Start of Extracted data

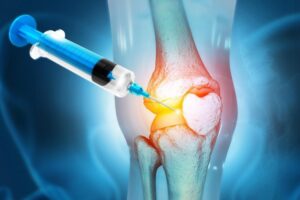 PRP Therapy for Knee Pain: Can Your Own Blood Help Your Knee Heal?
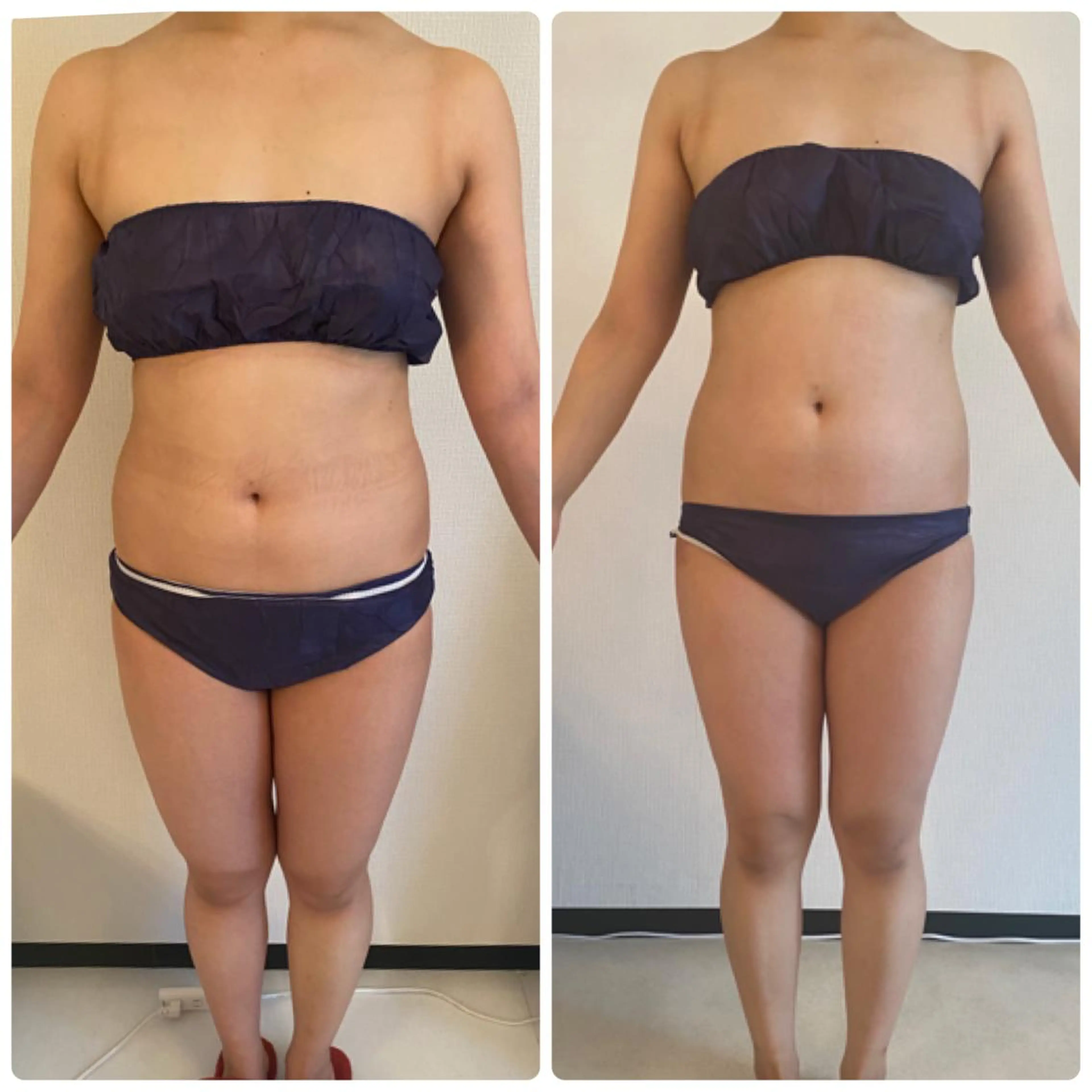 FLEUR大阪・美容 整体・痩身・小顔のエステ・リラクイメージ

End of Extracted data
Start of Extracted data

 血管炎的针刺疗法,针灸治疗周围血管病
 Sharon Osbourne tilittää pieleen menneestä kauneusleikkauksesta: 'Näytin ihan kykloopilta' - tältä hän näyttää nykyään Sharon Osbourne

End of Extracted data
Start of Extracted data

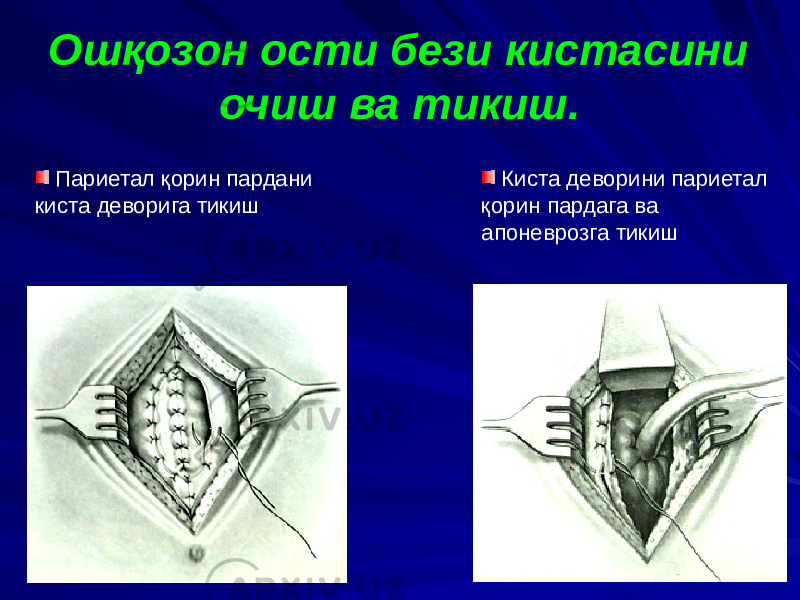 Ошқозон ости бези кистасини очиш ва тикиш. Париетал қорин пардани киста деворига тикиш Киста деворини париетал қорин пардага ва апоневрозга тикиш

End of Extracted data

◆ **Task requirements**
Above are entries with pictures among them. Write out exactly the lines from the one containing "PRP Therapy for" through the one containing "FLEUR大阪・美容 整体・痩身・小顔のエステ・リラクイメージ", ends included, and leave those pictures out.

◆ **Response to the task**
 PRP Therapy for Knee Pain: Can Your Own Blood Help Your Knee Heal?
 FLEUR大阪・美容 整体・痩身・小顔のエステ・リラクイメージ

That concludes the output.